The Secretary-General of the World Meteorological Organization also made a statement.
When it meets again today at 3 p.m., the Commission will continue its high-level segment.
Commission Work Programme
The Commission on Sustainable Development met this morning to continue the high-level segment of its fourth session. The high-level segment, which is being held at the ministerial level, is reviewing the progress made in achieving the goals set at the 1992 United Nations Conference on Environment and Development (UNCED) held in Rio de Janeiro.
Statements
RUTH DREIFUSS, Minister of Interior of Switzerland, said that in 1993, her Government set up an interdepartmental committee for the follow-up to UNCED. That committee worked in close relation with all major groups such as the private sector, the research community and non-governmental organizations.
She said that in was impossible to implement a programme as ambitious as Agenda 21 without strong support from all sectors of the society. Massive efforts for information and sensitization of the public, and especially the youth, on key issues of sustainable development were of utmost importance. The Swiss Government had launched a major campaign targeted at the youth to develop interactive modes of communication in order to encourage young people to formulate their own views and ideas on global issues of sustainable development.
Switzerland had committed itself to stabilize its carbon dioxide emissions at the 1990 level by the year 2000, she continued. A programme of efficient and rational use of energy, called "Energy 2000", was launched in 1991. Further reduction would require additional measures. The Government was drafting legislation to reduce greenhouse gas emissions.

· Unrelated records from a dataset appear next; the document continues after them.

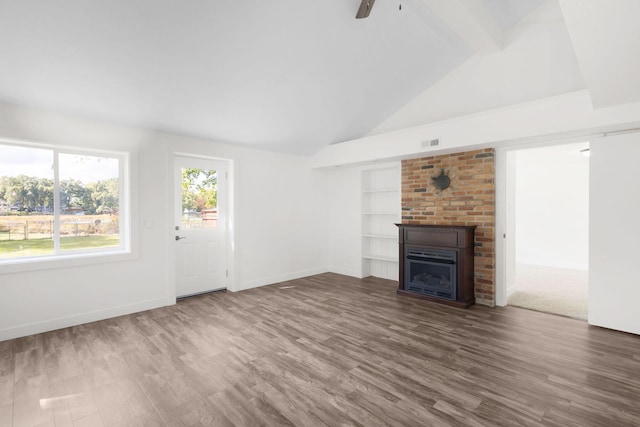 unfurnished living room with ceiling fan, dark hardwood / wood-style flooring, and lofted ceiling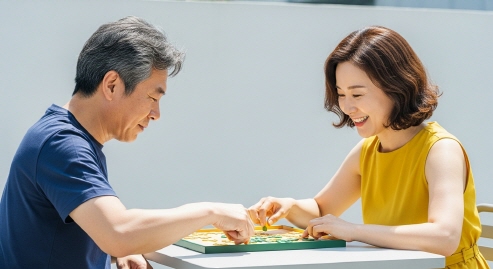 퍼즐 게임으로 서로 점수 경쟁하는 중년 부부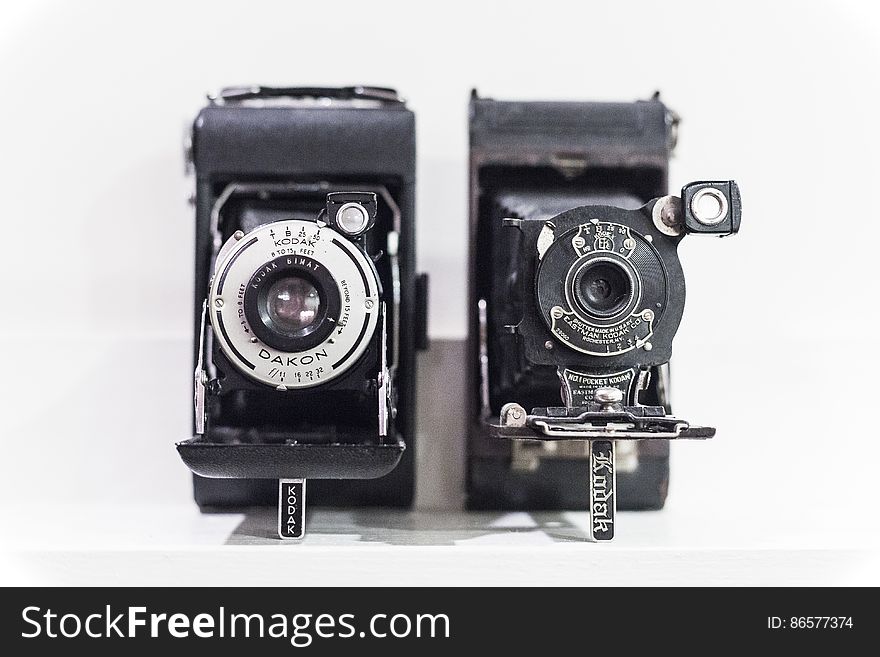 Vintage cameras on shelf in black and white. Vintage cameras on shelf in black and white.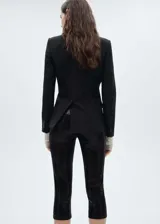 Calza capri negra cubierta de lentejuelas, con cintura elástica y corte skinny.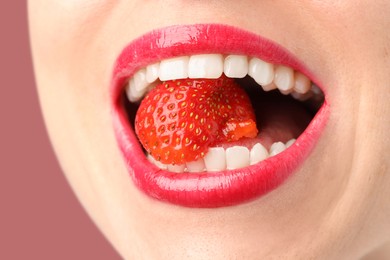 Photo of Woman with beautiful lips makeup and strawberry on dusty pink background, closeup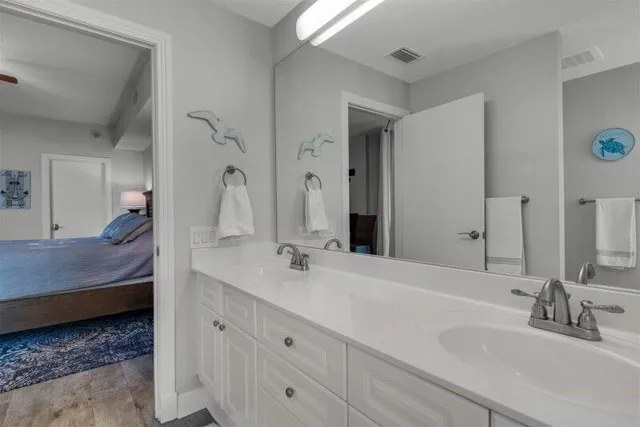 a en suite bathroom with a double vanity sink and a mirror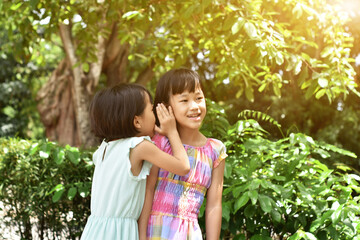 Two little sister girls whisper in ear at park outdoors. Friendship, happiness and people concept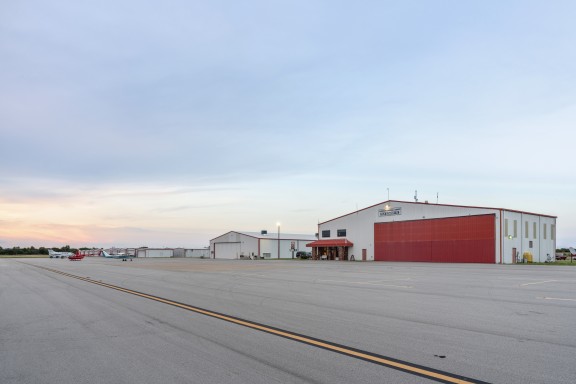 man standing beside plane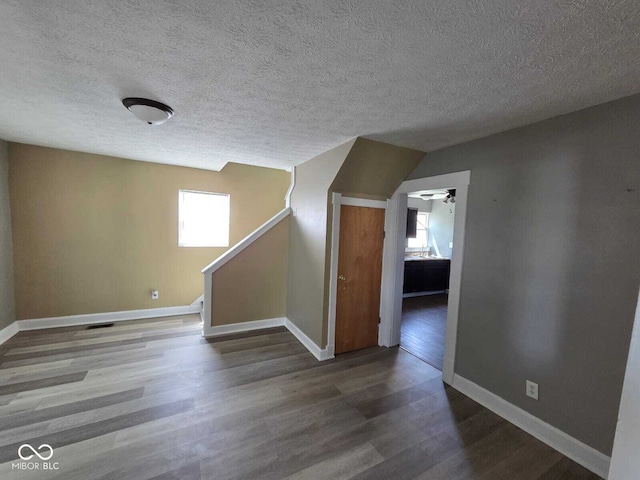 2819 W 16th St, Indianapolis, IN 46222 - bonus room with a textured ceiling, a ceiling fan, baseboards, wood finished floors, and stairway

She added that her country was ready to commit itself to give more support to developing countries to increase their capacity to formulate coherent policies on trade and environment issues. Ways should also be considered to improve those capacity to commercialize ecologically rational products.
JULIA CARABIAS, Minister of Environment, Natural Resources and Fisheries of Mexico, said that it was necessary to make maximum use of positive results that could come out of integration of the environment into sectoral policies. The integration of the environment into sectoral policies might contribute to helping to evaluate the progress being made towards sustainable development. There was a need to sensitize public opinion by making information available on the steps being taken. She described the drastic slashing of the United Nations Environment Programme (UNEP) budget as alarming. That situation had resulted in UNEP's programmes being adversely affected in Latin America. Mexico took a positive view of having non-governmental organizations involved in UNEP's work.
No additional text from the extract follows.